Capability · Comparison
Groq vs Together AI
If you want to serve open-weights models without running GPUs yourself, the two biggest inference-as-a-service providers are Groq and Together AI. Groq uses its proprietary LPU (Language Processing Unit) chips for ultra-low-latency inference — models run 3-10x faster than on GPUs for their supported catalogue. Together AI runs a broader model catalogue on standard GPU infrastructure with competitive pricing.
Side-by-side
| Criterion | Groq | Together AI |
|---|---|---|
| Hardware | Groq LPU (custom deterministic chip) | NVIDIA GPUs (H100 and successors) |
| Tokens / second (typical large model) | 500-1500 tok/s (e.g.
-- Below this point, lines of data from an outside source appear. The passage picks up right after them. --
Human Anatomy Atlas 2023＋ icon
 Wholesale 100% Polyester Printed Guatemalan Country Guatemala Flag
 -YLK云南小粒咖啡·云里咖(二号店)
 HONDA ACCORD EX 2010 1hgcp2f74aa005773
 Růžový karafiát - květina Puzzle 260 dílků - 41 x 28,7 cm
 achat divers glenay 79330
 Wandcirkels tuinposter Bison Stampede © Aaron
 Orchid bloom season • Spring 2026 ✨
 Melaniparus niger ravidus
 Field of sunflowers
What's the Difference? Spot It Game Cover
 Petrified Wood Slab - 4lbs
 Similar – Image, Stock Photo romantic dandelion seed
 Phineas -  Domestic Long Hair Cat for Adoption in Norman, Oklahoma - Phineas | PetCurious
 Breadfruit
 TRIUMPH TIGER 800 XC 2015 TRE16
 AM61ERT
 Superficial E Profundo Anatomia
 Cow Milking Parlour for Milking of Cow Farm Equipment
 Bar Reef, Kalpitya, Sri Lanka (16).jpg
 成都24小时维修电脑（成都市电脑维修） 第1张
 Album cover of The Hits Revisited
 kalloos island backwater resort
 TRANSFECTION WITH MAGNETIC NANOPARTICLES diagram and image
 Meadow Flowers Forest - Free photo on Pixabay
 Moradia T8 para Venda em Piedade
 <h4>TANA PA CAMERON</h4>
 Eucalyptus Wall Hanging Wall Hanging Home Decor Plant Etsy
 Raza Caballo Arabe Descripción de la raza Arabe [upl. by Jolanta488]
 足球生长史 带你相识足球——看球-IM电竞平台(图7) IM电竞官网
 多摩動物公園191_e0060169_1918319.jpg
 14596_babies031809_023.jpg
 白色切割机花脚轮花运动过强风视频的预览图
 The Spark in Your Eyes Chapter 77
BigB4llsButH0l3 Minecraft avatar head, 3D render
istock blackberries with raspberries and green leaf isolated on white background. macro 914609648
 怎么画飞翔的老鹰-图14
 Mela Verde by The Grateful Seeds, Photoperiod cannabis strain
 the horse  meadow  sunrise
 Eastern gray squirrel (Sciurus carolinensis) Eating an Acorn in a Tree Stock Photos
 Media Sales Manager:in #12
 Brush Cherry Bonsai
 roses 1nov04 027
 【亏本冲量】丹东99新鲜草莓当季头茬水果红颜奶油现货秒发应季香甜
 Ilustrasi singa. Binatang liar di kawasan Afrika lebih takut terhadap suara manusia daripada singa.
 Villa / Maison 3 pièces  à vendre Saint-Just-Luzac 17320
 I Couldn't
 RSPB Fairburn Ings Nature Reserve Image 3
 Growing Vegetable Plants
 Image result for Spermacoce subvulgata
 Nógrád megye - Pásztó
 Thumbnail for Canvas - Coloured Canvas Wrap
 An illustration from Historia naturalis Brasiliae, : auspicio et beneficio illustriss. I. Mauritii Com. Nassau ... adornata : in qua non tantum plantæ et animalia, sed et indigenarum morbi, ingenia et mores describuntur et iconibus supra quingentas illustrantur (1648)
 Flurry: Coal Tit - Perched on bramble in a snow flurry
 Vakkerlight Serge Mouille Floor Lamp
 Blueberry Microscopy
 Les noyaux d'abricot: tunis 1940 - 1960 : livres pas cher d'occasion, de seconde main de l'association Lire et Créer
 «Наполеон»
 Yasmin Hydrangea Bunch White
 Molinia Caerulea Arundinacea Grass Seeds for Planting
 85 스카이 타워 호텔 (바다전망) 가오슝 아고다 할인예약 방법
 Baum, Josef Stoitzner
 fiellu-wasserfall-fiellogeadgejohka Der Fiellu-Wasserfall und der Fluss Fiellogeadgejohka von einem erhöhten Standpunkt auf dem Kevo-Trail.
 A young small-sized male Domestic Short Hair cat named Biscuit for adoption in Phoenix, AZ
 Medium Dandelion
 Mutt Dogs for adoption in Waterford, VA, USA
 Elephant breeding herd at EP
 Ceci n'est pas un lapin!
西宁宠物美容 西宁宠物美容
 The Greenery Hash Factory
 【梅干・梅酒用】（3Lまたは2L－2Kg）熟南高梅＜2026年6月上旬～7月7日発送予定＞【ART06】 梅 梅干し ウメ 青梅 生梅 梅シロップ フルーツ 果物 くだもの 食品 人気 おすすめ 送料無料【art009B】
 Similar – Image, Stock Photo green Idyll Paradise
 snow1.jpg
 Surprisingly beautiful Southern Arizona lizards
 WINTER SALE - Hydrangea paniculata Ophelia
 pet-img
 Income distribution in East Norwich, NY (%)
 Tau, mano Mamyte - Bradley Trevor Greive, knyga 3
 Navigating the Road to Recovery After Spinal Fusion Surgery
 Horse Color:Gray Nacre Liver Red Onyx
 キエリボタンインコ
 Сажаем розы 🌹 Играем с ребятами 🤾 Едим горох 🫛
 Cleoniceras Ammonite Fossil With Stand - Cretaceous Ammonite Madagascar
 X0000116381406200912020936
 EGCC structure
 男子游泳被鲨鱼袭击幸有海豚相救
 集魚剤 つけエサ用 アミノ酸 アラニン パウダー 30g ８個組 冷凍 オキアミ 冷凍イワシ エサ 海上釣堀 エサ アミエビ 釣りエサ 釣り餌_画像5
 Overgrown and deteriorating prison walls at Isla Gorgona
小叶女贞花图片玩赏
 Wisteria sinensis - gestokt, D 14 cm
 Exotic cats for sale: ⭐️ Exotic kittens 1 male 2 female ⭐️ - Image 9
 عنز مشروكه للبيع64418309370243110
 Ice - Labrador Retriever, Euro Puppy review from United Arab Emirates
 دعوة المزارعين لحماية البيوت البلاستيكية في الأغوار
Llama 3.3 70B) | 100-300 tok/s |
| Model catalogue | ~15-25 curated models | 100+ models, community + custom |
| Pricing (Llama 3.3 70B, as of 2026-04) | ~$0.59/M input, ~$0.79/M output | ~$0.60/M input, ~$0.90/M output |
| Fine-tuning service | Not offered | Yes — LoRA + full fine-tuning |
| Dedicated deployments | Enterprise only | Yes — dedicated endpoints at any tier |
| OpenAI-compatible API | Yes | Yes |
| Batch API | No | Yes — 50% discount for batch |
| Best fit | Latency-critical real-time UX on a short-list of models | Model breadth, fine-tuning, batch workloads |
Verdict
Groq is the right choice when latency dominates: voice agents, real-time typing-speed UX, any application where 'instant' matters more than model choice. Their LPU hardware genuinely delivers 3-10x the tokens/second of GPU providers on supported models, and the price is competitive. Together AI is the right choice when you need model breadth (hundreds of models), fine-tuning services, or batch economics. Many teams use both: Together for most traffic and fine-tuning, Groq for user-facing hot paths that need millisecond-tier latency.
When to choose each
Choose Groq if…
- Latency is a hard constraint (voice, real-time UI).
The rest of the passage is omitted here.